# Task instructions:
This task calls for the lines below starting at the one containing "左小青性感摩登写真图片_2" and ending at the one containing "Çiçek Desen Havlu&Bornoz Seti", repeated exactly with both ends kept and pictures left out.

# Supplied material:
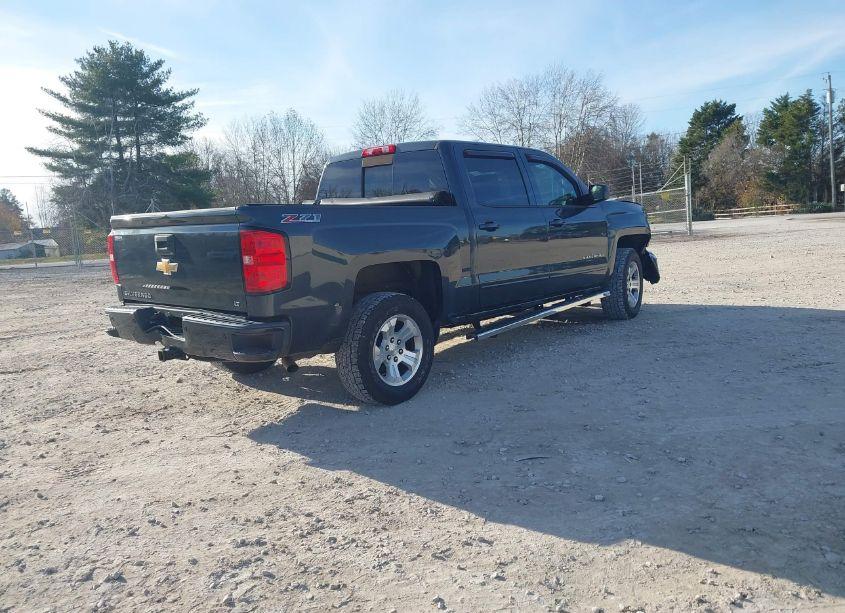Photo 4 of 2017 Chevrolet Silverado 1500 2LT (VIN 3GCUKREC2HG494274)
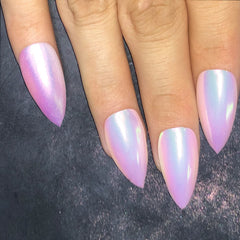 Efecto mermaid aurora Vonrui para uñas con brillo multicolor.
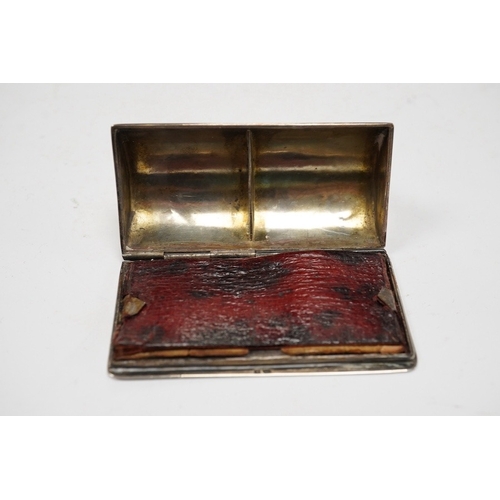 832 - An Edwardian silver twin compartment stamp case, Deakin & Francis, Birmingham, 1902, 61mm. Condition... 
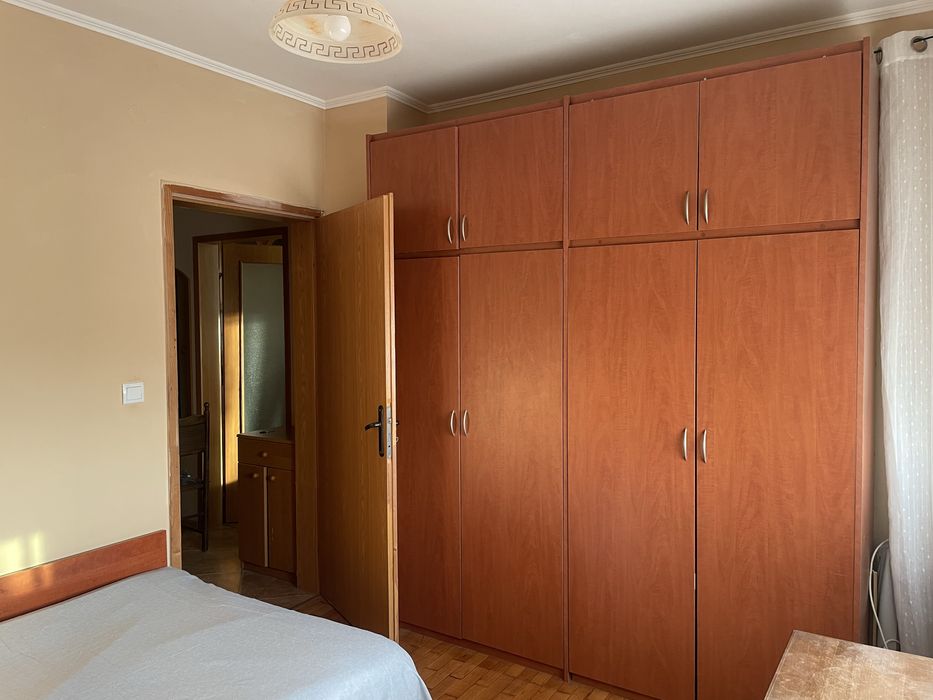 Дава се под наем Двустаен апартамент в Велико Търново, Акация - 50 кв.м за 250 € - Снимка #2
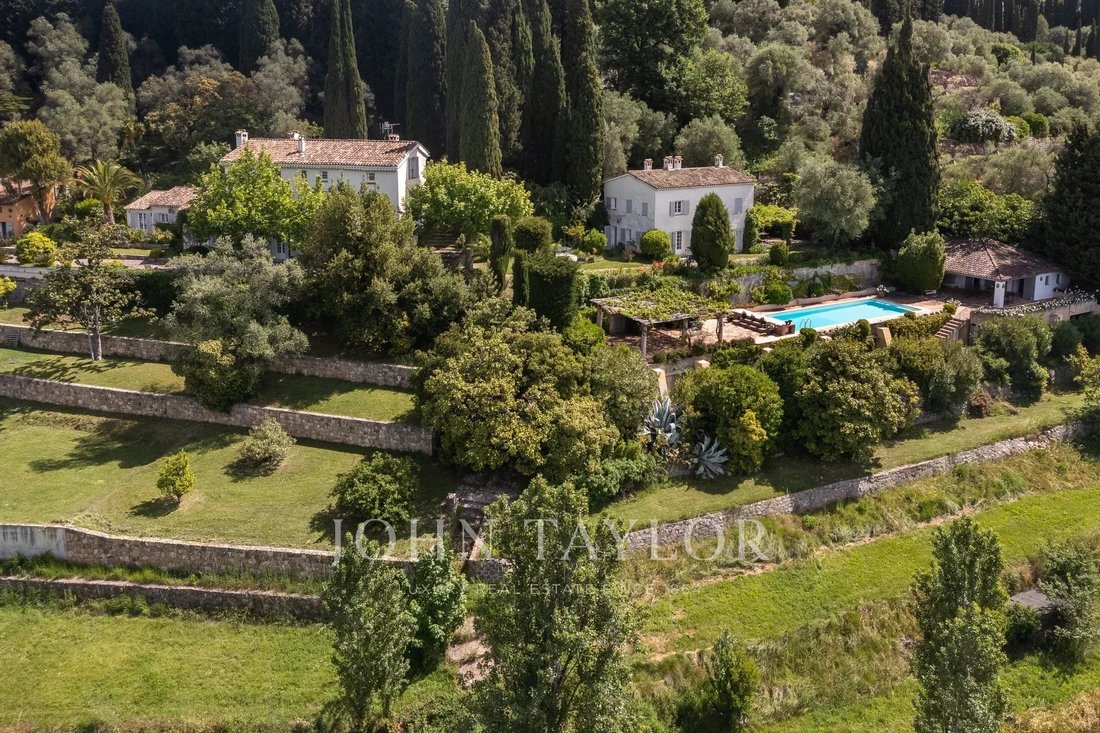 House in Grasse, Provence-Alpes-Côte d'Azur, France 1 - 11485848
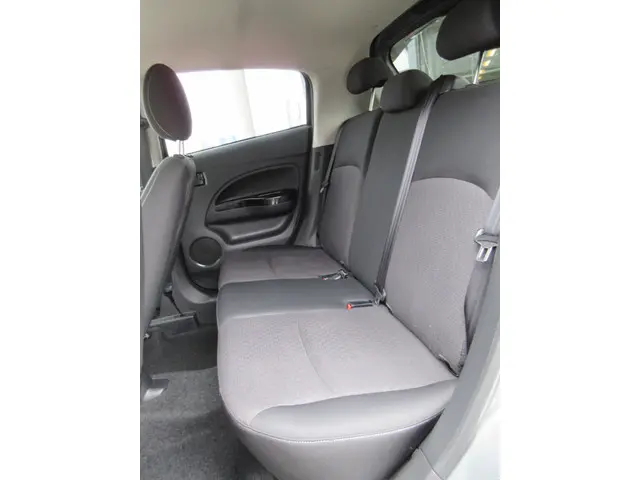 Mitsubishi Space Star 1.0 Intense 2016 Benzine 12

--

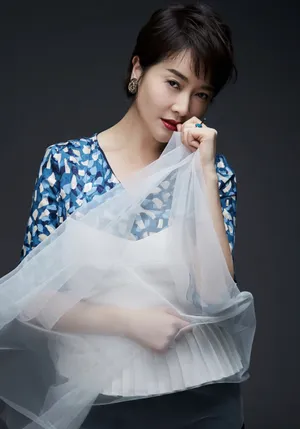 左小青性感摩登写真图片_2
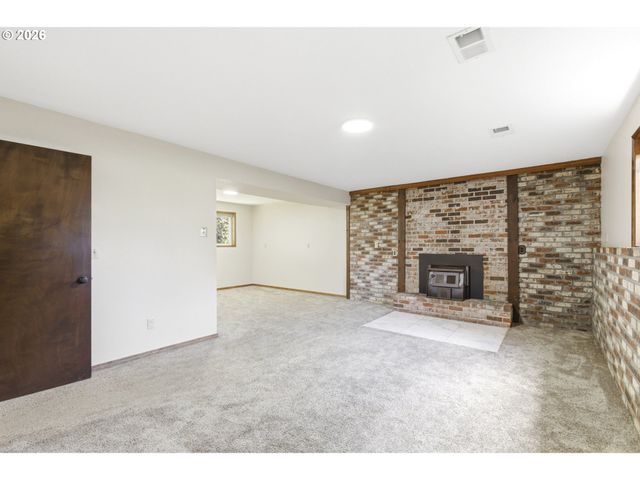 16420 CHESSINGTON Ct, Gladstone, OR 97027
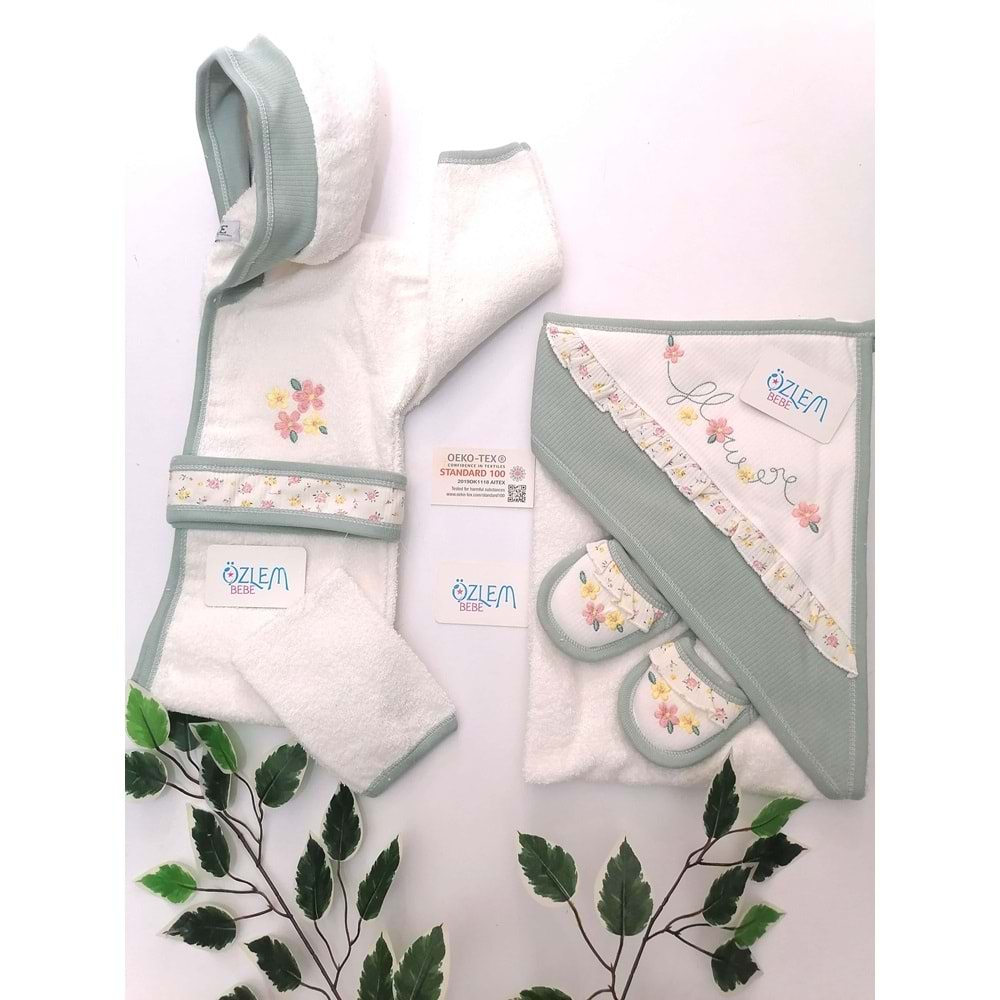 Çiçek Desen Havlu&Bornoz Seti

--

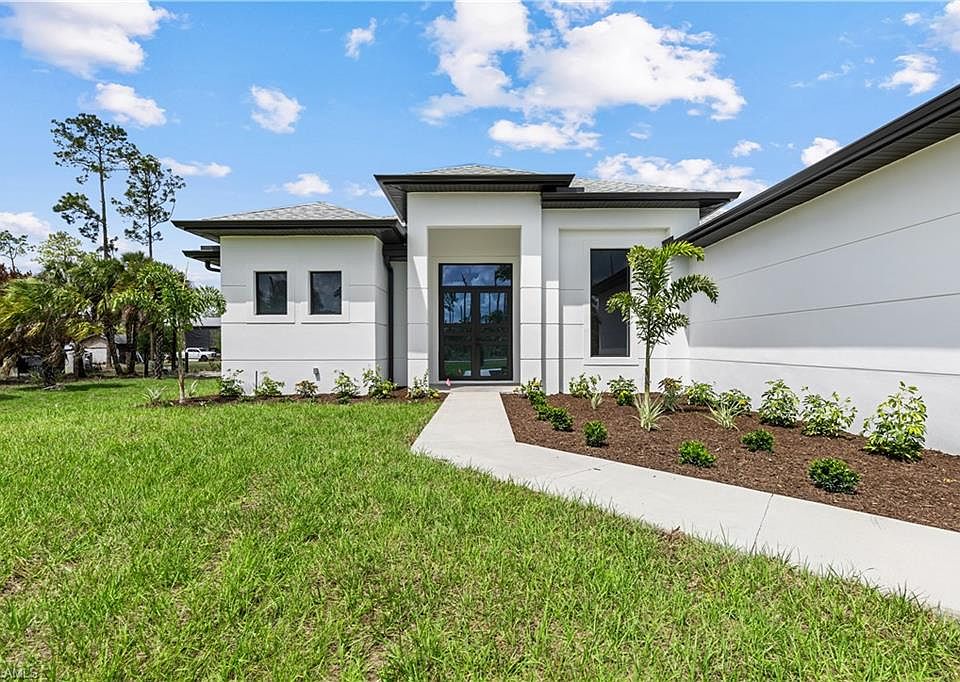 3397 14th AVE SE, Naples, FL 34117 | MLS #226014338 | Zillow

# Solution to this task:
 左小青性感摩登写真图片_2
 16420 CHESSINGTON Ct, Gladstone, OR 97027
 Çiçek Desen Havlu&Bornoz Seti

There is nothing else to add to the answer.